CI PyPI version Python 3.9+ License: MIT

Python SDK for the UnWeb API — convert HTML to clean, LLM-ready Markdown for RAG pipelines, AI agents, and documentation ingestion.

Installation

pip install unweb

Quick Start

from unweb import UnWebClient

client = UnWebClient(api_key="unweb_your_key_here")

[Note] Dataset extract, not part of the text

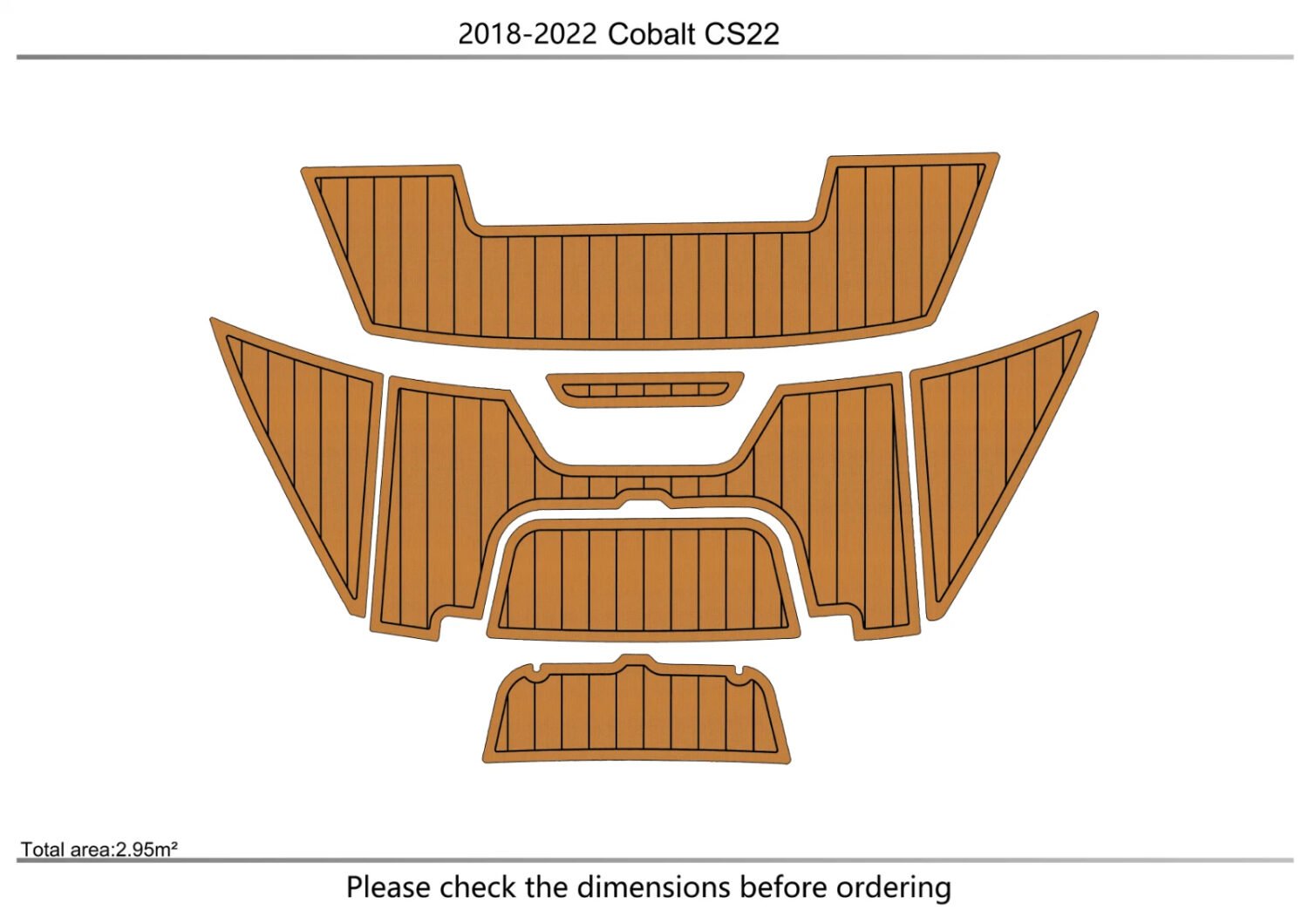 One Kit EVA foam marine boat floor 6mm 2018-2022 Cobalt CS22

# Convert HTML to Markdown
result = client.convert.paste("<h1>Hello World</h1><p>Clean markdown output.</p>")
print(result.markdown)       # "# Hello World\n\nClean markdown output."
print(result.quality_score)  # 100

# Convert a webpage
result = client.convert.url("https://example.com/article")
print(result.markdown)

# Upload an HTML file
result = client.convert.upload("page.html")
print(result.markdown)

Get your free API key at app.unweb.info (500 credits/month, no credit card required).

Features

  • Conversions - Paste HTML, fetch URLs, or upload files. Returns clean CommonMark with quality scores.
  • Web Crawler - Crawl entire documentation sites with BFS traversal. Export as raw Markdown, LangChain JSONL, or LlamaIndex JSON.
  • Webhook Notifications - Get notified when crawl jobs complete via HTTPS webhooks.
  • Dashboard Access - Manage API keys, view usage, and handle subscriptions programmatically.
  • Quality Scores - Every conversion returns a 0-100 quality score detecting JS-rendered pages and content extraction issues.

API Reference

Conversions

All conversion methods return a ConversionResult with markdown, warnings, and quality_score.

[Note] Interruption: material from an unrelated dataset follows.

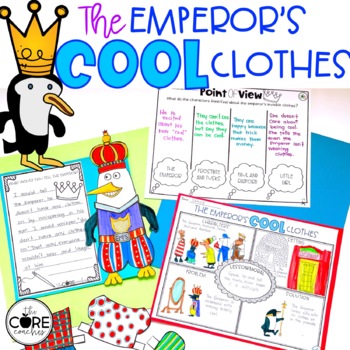 Preview of The Emperor's Cool Clothes Read Aloud - Penguin Reading Comprehension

from unweb import UnWebClient

client = UnWebClient(api_key="unweb_...")

# Paste raw HTML
result = client.convert.paste("<h1>Title</h1><p>Content</p>")
result.markdown       # "# Title\n\nContent"
result.quality_score  # 0-100
result.warnings       # ["Content auto-detected using: <main> element"]

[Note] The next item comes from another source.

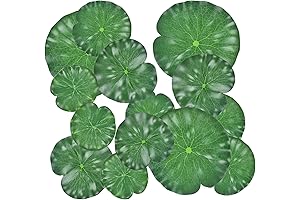 12 Pieces Floating Lily Pads for Ponds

# Convert from URL (fetches and converts server-side)
result = client.convert.url("https://docs.python.org/3/tutorial/index.html")

# Upload an HTML file
result = client.convert.upload("./downloaded-page.html")

Web Crawler

Crawl documentation sites and download results as a ZIP archive.

import time

# Start a crawl job
job = client.crawl.start(
    "https://docs.example.com",
    allowed_path="/docs/",      # Only crawl URLs under this path
    max_pages=100,               # Page limit
    export_format="raw-md",      # "raw-md", "langchain", or "llamaindex"
    webhook_url="https://your-app.com/hooks/crawl",  # Optional completion webhook
)
print(f"Job started: {job.job_id}")  # Job ID for polling

# Poll until complete
while not job.is_complete:
    time.sleep(5)
    job = client.crawl.status(job.job_id)
    print(f"  {job.status}: {job.pages_crawled} pages crawled")

# Download results
if job.status == "Completed":
    download = client.crawl.download(job.job_id)
    print(f"Download ZIP: {download.download_url}")
    print(f"Size: {download.size_bytes} bytes")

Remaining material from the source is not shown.